I’m getting started with PyTorch and following the 60 minute Blitz tutorial on neural networks.

When defining a new Conv2d layer, one passes (input_channels, output_channels, kernel_size). But when accessing the layer’s parameters by calling .parameters(), the result is [output_channels, input_channels, kernel_dimensions]. What is the rationale behind putting the number of output channels first in the latter case? I found this to be very confusing.

This is the shape of the Tensor that represents the weights. You can think of the Conv2d operation as matrix multiplication (simplified):

```
(m x n) . (n x k) => (m x k)
```

replace `m`

by `output_channels`

, `n`

by `input_channels`

and `k`

by `n`

, and why `output_channels`

is the first dim in the params should make sense to you.

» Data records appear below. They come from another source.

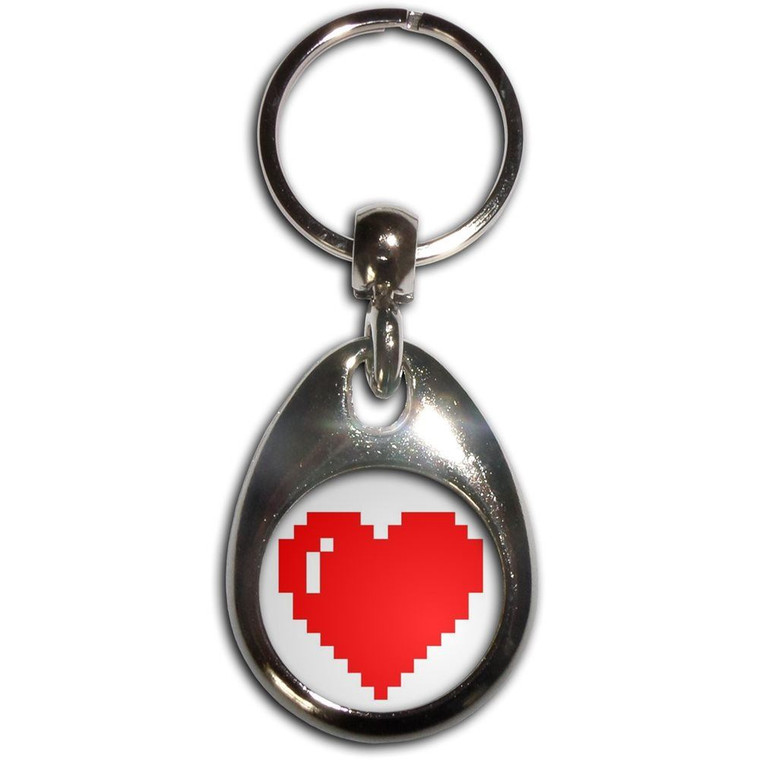 Pixel Heart - Tear Drop Metal Key Ring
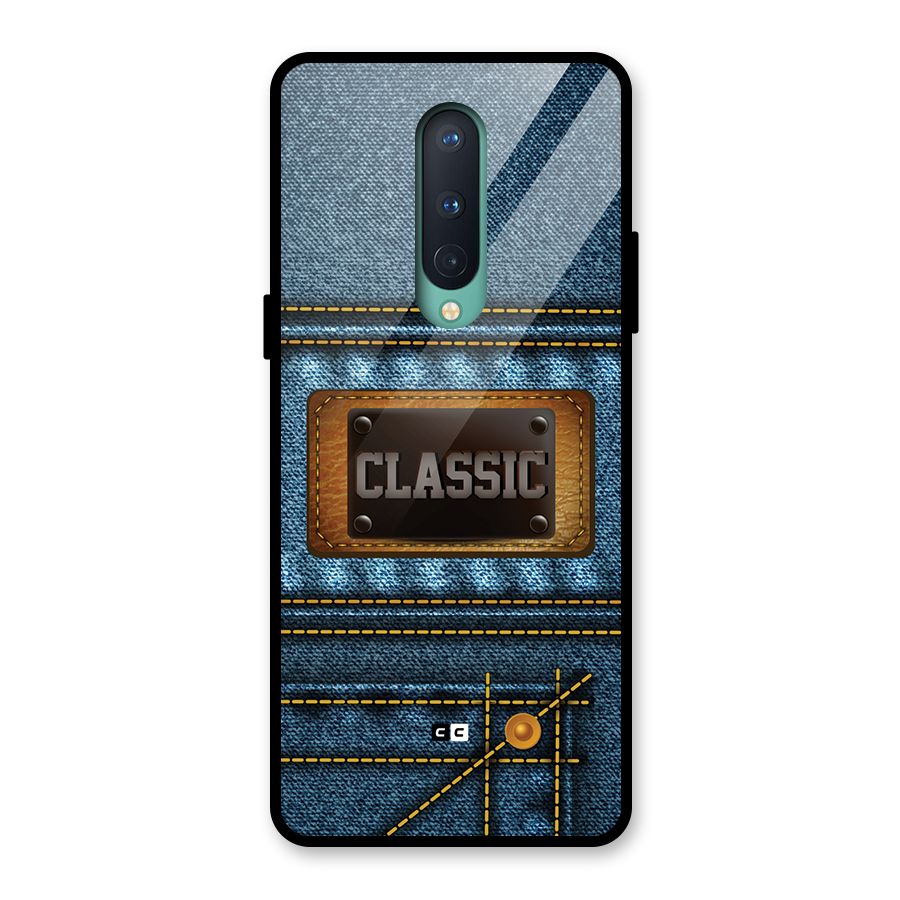 Classic Denim Glass Back Case for OnePlus 8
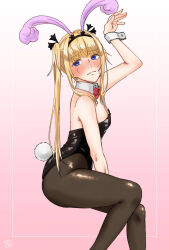 Rule 34 | 1other, alternate hairstyle, androgynous, animal ears, black leotard, blonde hair, blue eyes, blush, brown pantyhose, chevalier d&#039;eon (fate), fake tail, fate/grand order, fate (series), hair intakes, highres, leotard, long hair, pantyhose, playboy bunny, rabbit ears, rabbit tail, sister of brother, solo, tail, trap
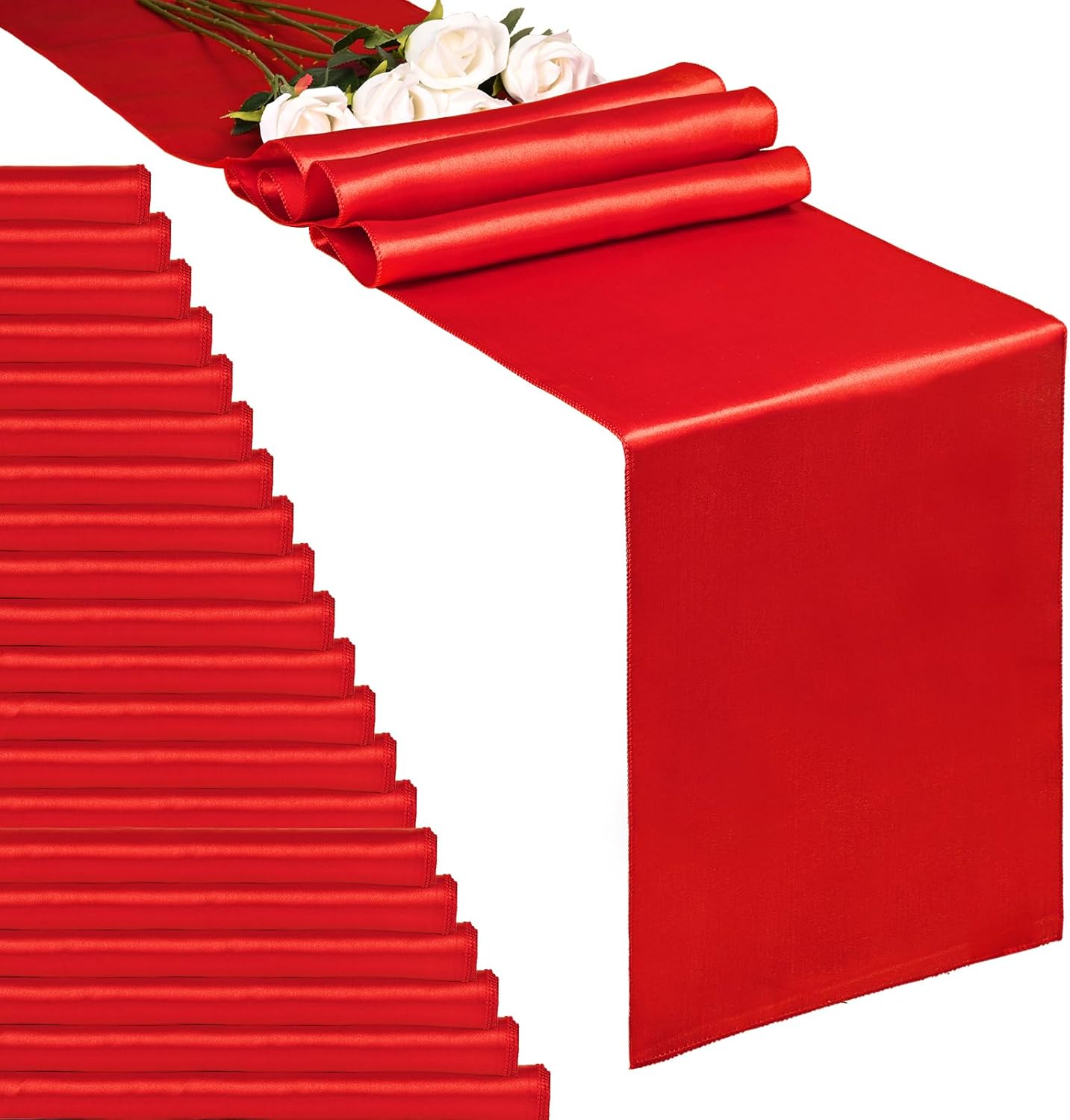 20-Pack Red 12 x 108 inches Long Premium Satin Table Runner for Wedding, Decorations for Birthday Parties, Banquets, Graduations, Engagements, Table Runners fit Rectange and Round Table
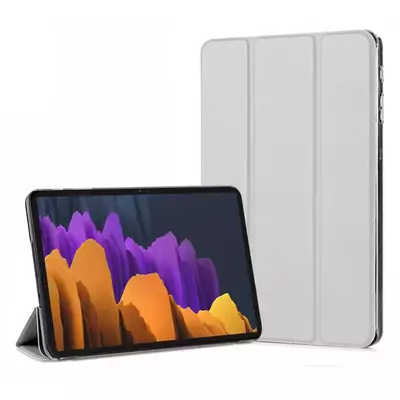 Microsonic Samsung Galaxy Tab S7 FE LTE T737 Kılıf Slim Translucent Back Smart Cover Gümüş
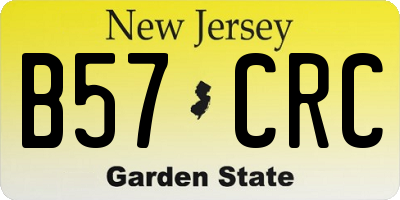 NJ license plate B57CRC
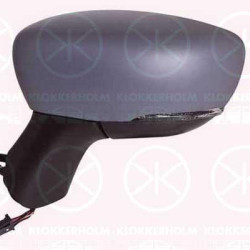 Exterior Mirror, Left, for electric mirror adjustment, with indicator (LED), Number of pins: 7, w/primer, Heatable, Aspherical, 261657934R (RENAULT), 963669996R (RENAULT), 963028590R (RENAULT), 963739179R (RENAULT)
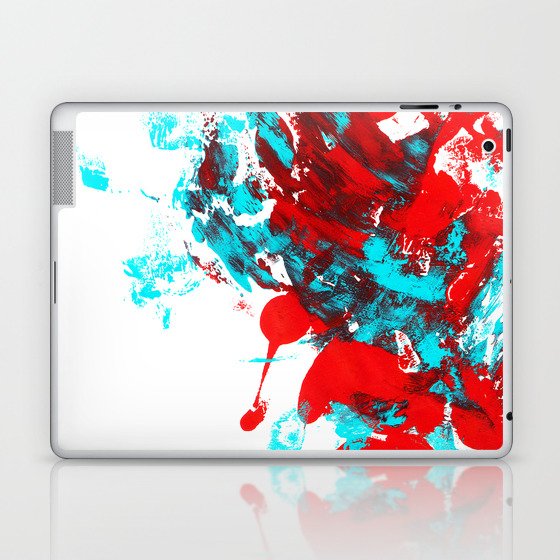 Teal and Red Abstract Laptop & iPad Skin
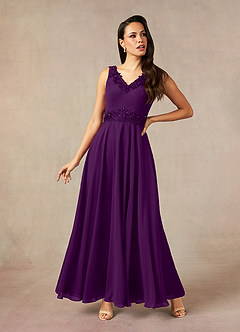 Azazie Devana Mother of the Bride Dresses Grape A-Line Sequins Chiffon Dress image3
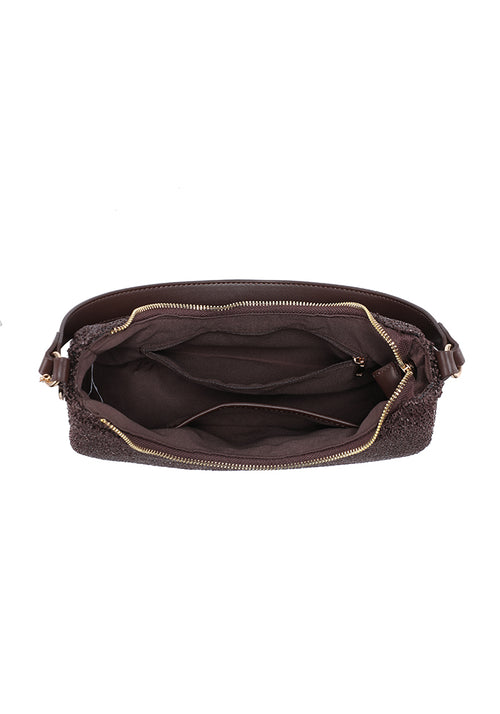 KASSANDRA Beaded Accent Crochet Hobo Bag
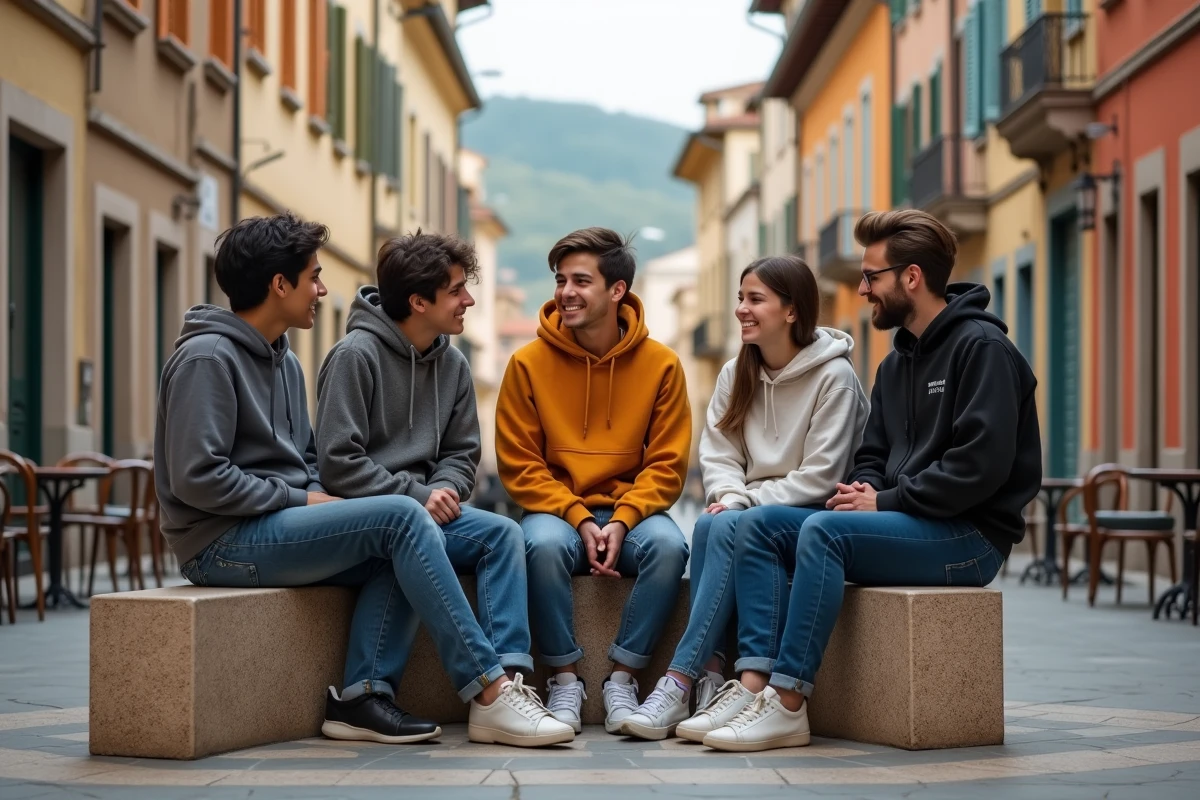 Jeunes discutant sur un banc dans une place de Mille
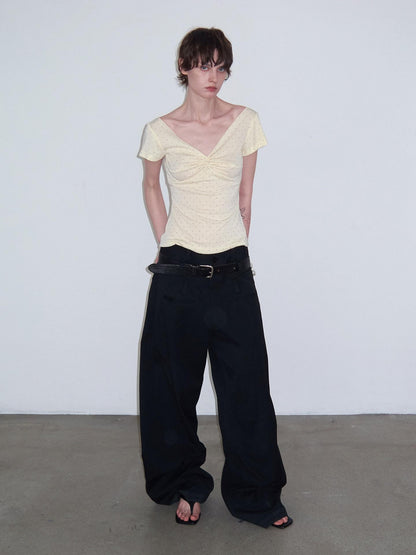 Delivery Yellow Polka Dot V-neck Twist Knot Cap Sleeve Slim Women&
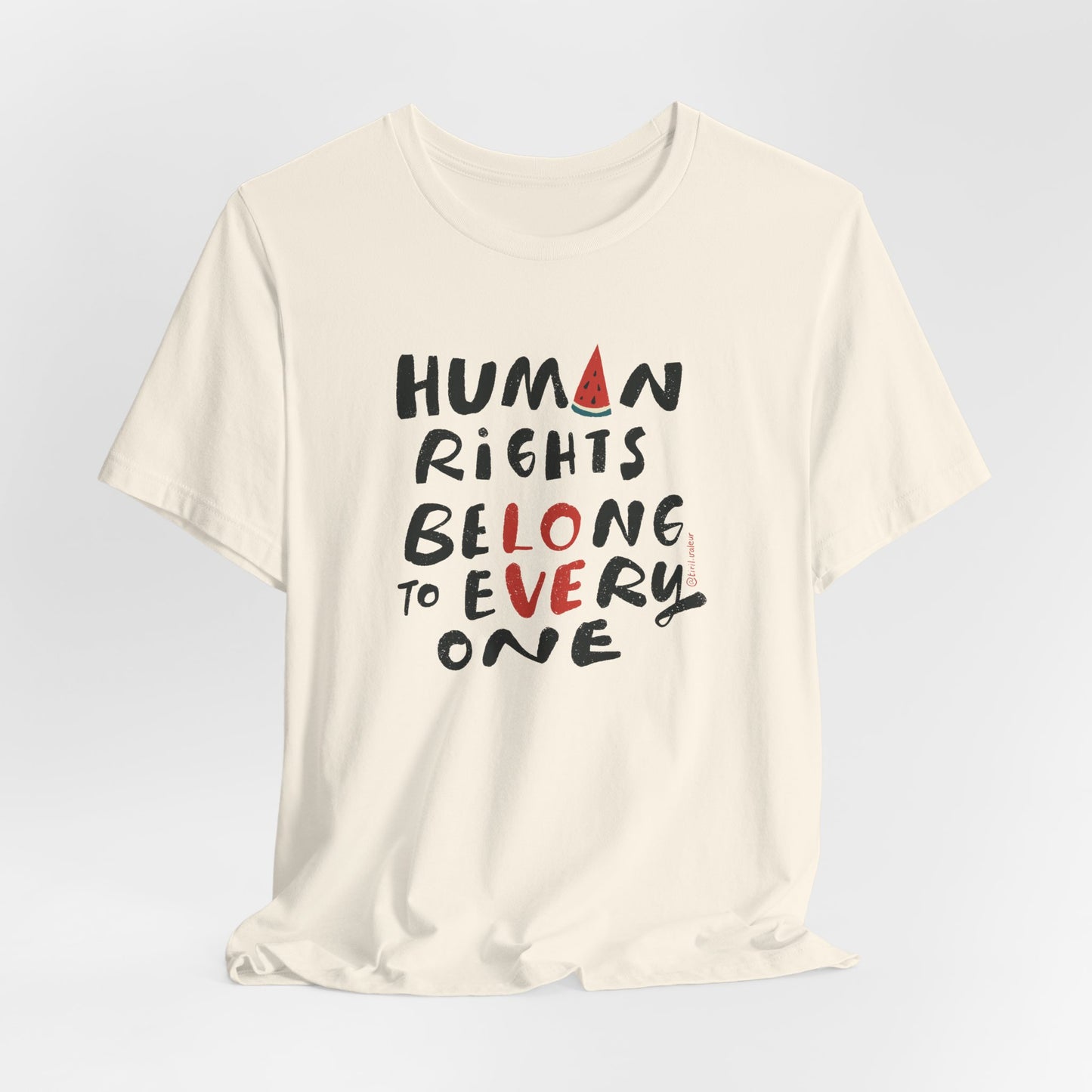 Artist Tiril Valeur For Palestine | 100% Of Profits Donated | Human Rights Belong To Everyone | Short Sleeve Tee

Thank you for the quick response. Let’s take a look at a concrete example: I have an input tensor of shape (1,1,32,32), and a convolutional layer with weights of shape (6,1,3,3) as per .parameters(). By taking a look at the corresponding one-layer neural network I see that its output has shape (1,6,30,30). Ignoring image-dimensions and kernel-dimension, according to your heuristic one should get:

(6 x 1) . (1 x 1) => (6 x 1), but by looking at the output we can see that this is not the case, and instead the dimensions are interchanged. This is very unintuitive and confuses me.

Let us ignore the batch size for a moment (which is not part of the `weight`

shape). Let us take something else than `1`

for in the `input_channel`

, `2`

. You have `(2,32,32)`

, you want (6,30,30). Omitting the data dimensions, what happens is: `(6 x 2) . (2 x 1) => (6 x 1)`

. Note that the final `1`

dim has been *appended* in the input shape, so you can remove it in the output shape and you end up with `(6)`

.

But by that line of reasoning, couldn’t we just as well do the following:

Again, I have (2,32,32) and want (6,30,30). I omit the data dimensions, append 1 in front and have (1 x 2) . (2 x 6) => (1 x 6). Again, I remove 1 and end up with (6). In this way we would’ve kept the order of input-dimension first, output-dimension second for the kernel/layer-weights, identical to when you actually define a layer. Why do it the other way around?

Can someone respond to the point in my last post.